La especie que fue dominante se resiste apenas mediante la evolución en los términos. Ya no se habla de dueños o propietarios, mucho menos de amo. Se pasó a compañero o responsable. Algunos tratan a sus perros de peludos, niños o incluso hijos, pero no recuerdo yo que una madre adulta tenga en la palma de la mano la boñiga de su hijo médico, abogado, fontanero o camarero. En los últimos tiempos algunos apuestan incluso por tutor, implicando la sujeción de un ñordo en la tutoría. Otros, ya casi rendidos, indican que son el humano de su perro. Y así es tal cual: son el humano del perro.
Viene al caso esta inversión de valores por la vaharada, palabra en desuso que sin embargo hay que recuperar para describir con precisión el aroma de la ciudad, lejos del azahar en primavera o la dama de noche y el jazmín en verano. Un ejemplo concreto. Se acerca uno ufano al parque Elena Moyano, conocido por los Teletubbies, y llega la vaharada, una ráfaga de olor a mierda que, potenciada por el calor, es capaz de pudrir al instante una pituitaria de ciudadano medio.
Campan allí a sus anchas perros sin correa con sus correspondientes siervos humanos, que no dan abasto para agacharse a recoger los excrementos que perfuman el ambiente. Que además en este parque o en cualquier otro de Córdoba a una familia se le ocurra extender un mantel en la hierba para hacer un picnic resulta impensable, pues acabarían sentándose en alguna inmundicia o, en el caso de arrobados enamorados que se tumban para mirarse fijamente a los ojos, poniendo la mejilla en esa particular almohada conocida científicamente como morcón del quince puesto por un perro de raza peligrosa que va corriendo sin bozal.

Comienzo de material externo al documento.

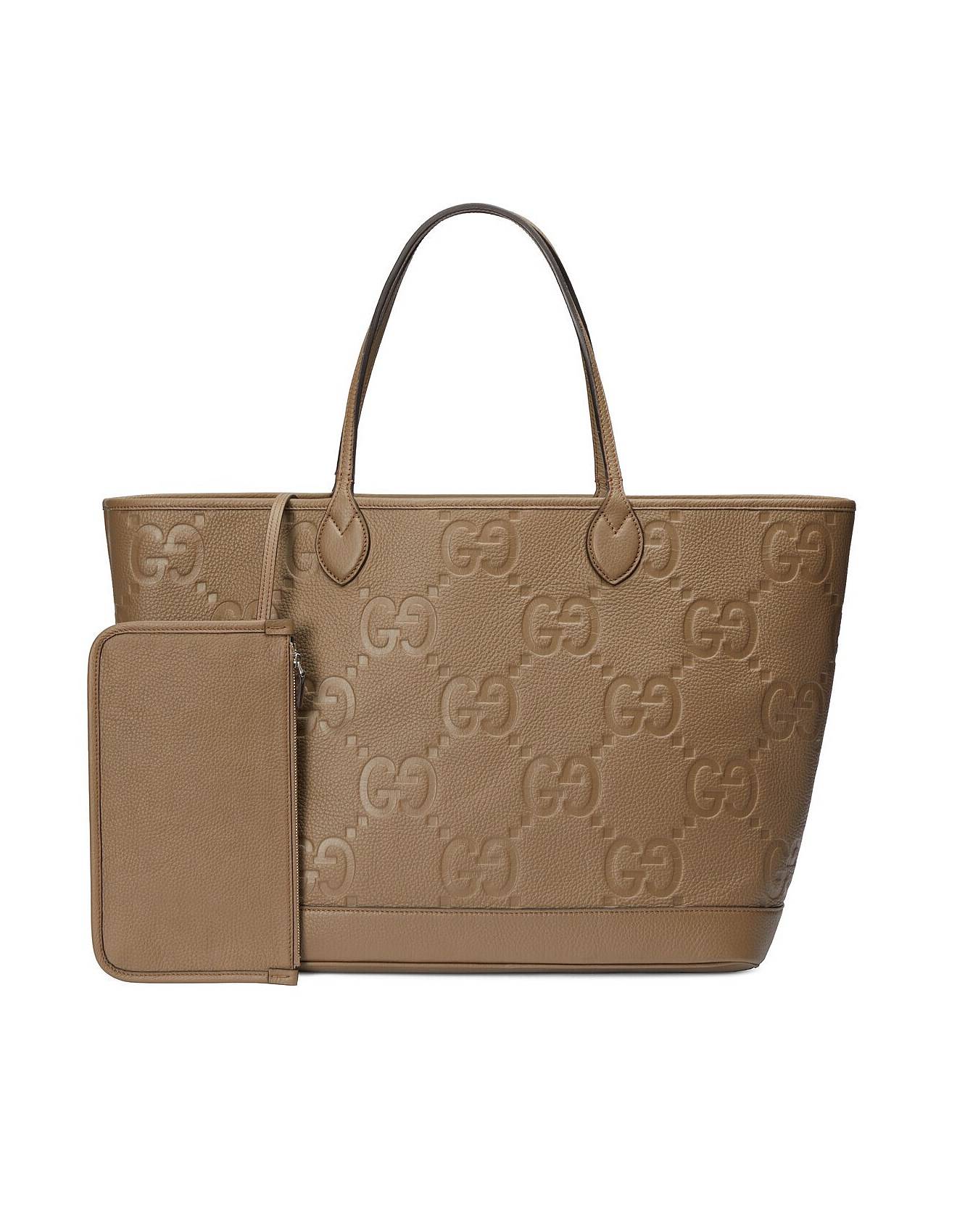 GUCCI JUMBO GG LARGE TOTE BAG 726755 (40*33*19cm) GUCCI JUMBO GG LARGE TOTE BAG 726755 (40*33*19cm)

Todo parque cordobés está copado por los perros y sus humanos, algunos incluso, en el colmo de la desfachatez, tienen un parque canino dentro, que es ya como una zona vip dentro de sus zonas de ocio. No hay barrio de Córdoba que no tenga el suelo comido por los orines o huela a heces. No hay farola, esquina o árbol sin mear. La situación es más grave en aquellas aceras que tienen pocos portales de viviendas, y se considera cuarto de baño por la raza superior que arrastra allí a sus humanos, o las zonas que tienen soportales (caminar por Ollerías, sin ir más lejos, es una verdadera aventura para la nariz y la vista).
Más de cien mil perros orinan y defecan varias veces al día en las calles de la capital cordobesa. La corrosión del suelo y la fragancia resultante muestran la fuerza inusitada de la especie que se ha impuesto. Ríanse mientras, prácticamente derrotados, aspiran la vaharada, que cuando el gobierno de la nación pacte con el primer partido dirigido por un buldog francés vendrá el llanto y el crujir de dientes.
Renunciamos a defendernos de la conquista paulatina y sigilosa de unos seres vivos que para saludarse entre ellos se huelen el trasero. Y pagaremos por ello, ¡ya lo creo que pagaremos por ello!